# IMDB movie review sentiment classification with RNNs (aclImdb version)

In this notebook, we'll train a recurrent neural network (RNN) for sentiment classification using **Tensorflow** with the **Keras API**. 

First, the needed imports.

In [None]:
%matplotlib inline

import os
os.environ['TF_CPP_MIN_LOG_LEVEL'] = '2'

import tensorflow as tf
from tensorflow import keras
from tensorflow.keras import layers
from tensorflow.keras.utils import plot_model

import numpy as np
import matplotlib.pyplot as plt
import seaborn as sns
sns.set()

print('Using Tensorflow version: {}, and Keras version: {}.'.format(tf.__version__, tf.keras.__version__))

Let's check if we have GPU available.

In [None]:
gpus = tf.config.list_physical_devices('GPU')
if len(gpus) > 0:
    for gpu in gpus:
        tf.config.experimental.set_memory_growth(gpu, True)
    from tensorflow.python.client import device_lib
    for d in device_lib.list_local_devices():
        if d.device_type == 'GPU':
            print('GPU', d.physical_device_desc)
else:
    print('No GPU, using CPU instead.')

## IMDB data set

Next we'll load the IMDB data set. First time we may have to download the data, which can take a while.

The dataset contains 50000 movies reviews from the Internet Movie Database, split into 25000 reviews for training and 25000 reviews for testing. Half of the reviews are positive (1) and half are negative (0).

The dataset consists of movie reviews as text files in a directory hierarchy, and we use the `text_dataset_from_directory()` function to create a `tf.data.Dataset()` from the text files.

In [None]:
DATADIR = "/media/gpu-data/imdb"
BATCH_SIZE = 16
validation_split=0.2
seed = 42

In [None]:
print('Train:')
imdb_train = tf.keras.utils.text_dataset_from_directory(
    DATADIR+"/aclImdb/train",
    batch_size=BATCH_SIZE,
    validation_split=validation_split,
    subset='training',
    seed=seed
)
print('\nValidation:')
imdb_valid = tf.keras.utils.text_dataset_from_directory(
    DATADIR+"/aclImdb/train",
    batch_size=BATCH_SIZE,
    validation_split=validation_split,
    subset='validation',
    seed=seed
)
print('\nTest:')
imdb_test = tf.keras.utils.text_dataset_from_directory(
    DATADIR+"/aclImdb/test",
    batch_size=BATCH_SIZE,
)
print('\nAn example review:')
print(imdb_train.unbatch().take(1).get_single_element())

## RNN model

### Initialization

Let's create an RNN model that contains an LSTM layer.

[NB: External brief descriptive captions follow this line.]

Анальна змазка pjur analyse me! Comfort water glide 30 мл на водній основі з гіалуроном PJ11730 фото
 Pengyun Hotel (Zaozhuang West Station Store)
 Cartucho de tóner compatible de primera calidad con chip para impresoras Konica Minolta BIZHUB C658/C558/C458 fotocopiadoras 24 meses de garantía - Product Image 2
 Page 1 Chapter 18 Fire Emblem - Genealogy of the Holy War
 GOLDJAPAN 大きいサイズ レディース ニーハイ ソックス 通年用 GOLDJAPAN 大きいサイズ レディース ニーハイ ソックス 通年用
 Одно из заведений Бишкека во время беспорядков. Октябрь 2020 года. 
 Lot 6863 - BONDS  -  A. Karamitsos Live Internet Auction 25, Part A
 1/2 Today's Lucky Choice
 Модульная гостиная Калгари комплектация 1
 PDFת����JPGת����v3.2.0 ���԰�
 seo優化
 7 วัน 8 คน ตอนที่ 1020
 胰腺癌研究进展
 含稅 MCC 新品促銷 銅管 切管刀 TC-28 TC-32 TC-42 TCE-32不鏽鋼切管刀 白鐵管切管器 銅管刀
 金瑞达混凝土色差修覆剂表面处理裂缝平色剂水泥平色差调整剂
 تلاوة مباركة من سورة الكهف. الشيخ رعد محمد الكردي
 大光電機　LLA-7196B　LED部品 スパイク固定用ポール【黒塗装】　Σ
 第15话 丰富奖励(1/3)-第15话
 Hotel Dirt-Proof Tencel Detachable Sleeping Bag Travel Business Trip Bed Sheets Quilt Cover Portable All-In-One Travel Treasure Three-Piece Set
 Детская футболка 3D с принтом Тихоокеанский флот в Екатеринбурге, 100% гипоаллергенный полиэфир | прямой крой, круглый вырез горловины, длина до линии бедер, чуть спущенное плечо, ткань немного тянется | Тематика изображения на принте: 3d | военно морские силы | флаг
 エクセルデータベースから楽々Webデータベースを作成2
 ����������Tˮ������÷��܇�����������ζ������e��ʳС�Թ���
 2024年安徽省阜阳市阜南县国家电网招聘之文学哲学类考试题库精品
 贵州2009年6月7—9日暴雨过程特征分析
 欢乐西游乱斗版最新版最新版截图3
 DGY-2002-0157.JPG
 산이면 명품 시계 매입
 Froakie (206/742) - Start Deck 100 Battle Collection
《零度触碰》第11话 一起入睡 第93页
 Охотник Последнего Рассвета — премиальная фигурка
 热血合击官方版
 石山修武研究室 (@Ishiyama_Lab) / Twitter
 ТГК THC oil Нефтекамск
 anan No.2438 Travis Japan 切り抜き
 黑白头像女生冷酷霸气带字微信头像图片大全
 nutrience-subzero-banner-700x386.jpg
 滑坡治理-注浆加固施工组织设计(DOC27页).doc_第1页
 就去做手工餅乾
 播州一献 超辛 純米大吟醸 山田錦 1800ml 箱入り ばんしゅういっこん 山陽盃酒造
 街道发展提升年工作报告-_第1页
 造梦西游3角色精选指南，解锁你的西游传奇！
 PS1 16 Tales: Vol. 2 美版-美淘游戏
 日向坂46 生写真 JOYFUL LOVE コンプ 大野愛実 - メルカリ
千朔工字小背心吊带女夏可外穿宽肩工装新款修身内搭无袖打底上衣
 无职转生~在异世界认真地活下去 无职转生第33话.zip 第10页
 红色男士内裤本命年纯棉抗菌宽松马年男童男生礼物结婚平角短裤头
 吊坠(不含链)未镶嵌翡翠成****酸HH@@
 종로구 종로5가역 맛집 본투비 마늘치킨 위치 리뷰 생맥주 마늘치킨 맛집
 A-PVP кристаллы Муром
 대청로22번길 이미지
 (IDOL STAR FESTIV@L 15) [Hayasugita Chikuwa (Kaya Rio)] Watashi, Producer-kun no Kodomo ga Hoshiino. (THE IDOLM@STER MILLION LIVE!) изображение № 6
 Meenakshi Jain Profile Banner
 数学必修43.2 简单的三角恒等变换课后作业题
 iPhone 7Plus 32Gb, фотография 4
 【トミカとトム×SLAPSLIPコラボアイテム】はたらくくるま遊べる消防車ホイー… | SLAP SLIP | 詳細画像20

The first layer in the network is an *Embedding* layer that converts integer indices to dense vectors of length `embedding_dims`. The output layer contains a single neuron and *sigmoid* non-linearity to match the binary groundtruth (`y_train`). 

Finally, we `compile()` the model, using *binary crossentropy* as the loss function and [*RMSprop*](https://keras.io/optimizers/#rmsprop) as the optimizer.

In [None]:
nb_words = 10000
maxlen = 80

vectorization_layer = layers.TextVectorization(max_tokens=nb_words,
                             output_mode='int',
                             output_sequence_length=maxlen)
train_text = imdb_train.map(lambda text, labels: text)
vectorization_layer.adapt(train_text)


In [None]:
# model parameters:
embedding_dims = 50
lstm_units = 32

inputs = keras.Input(shape=(1,), dtype=tf.string)

x = vectorization_layer(inputs)
x = layers.Embedding(input_dim=nb_words, 
                     output_dim=embedding_dims)(x)
x = layers.Dropout(0.2)(x)

x = layers.LSTM(lstm_units)(x)

outputs = layers.Dense(1, activation='sigmoid')(x)

model = keras.Model(inputs=inputs, outputs=outputs,
                    name="rnn_model")

# try using different optimizers and different optimizer configs
model.compile(loss='binary_crossentropy',
              optimizer='rmsprop',
              metrics=['accuracy'])
print(model.summary())

In [None]:
plot_model(model, show_shapes=True)

### Learning

Now we are ready to train our model.  An *epoch* means one pass through the whole training data. Note also that we are using a fraction of the training data as our validation set.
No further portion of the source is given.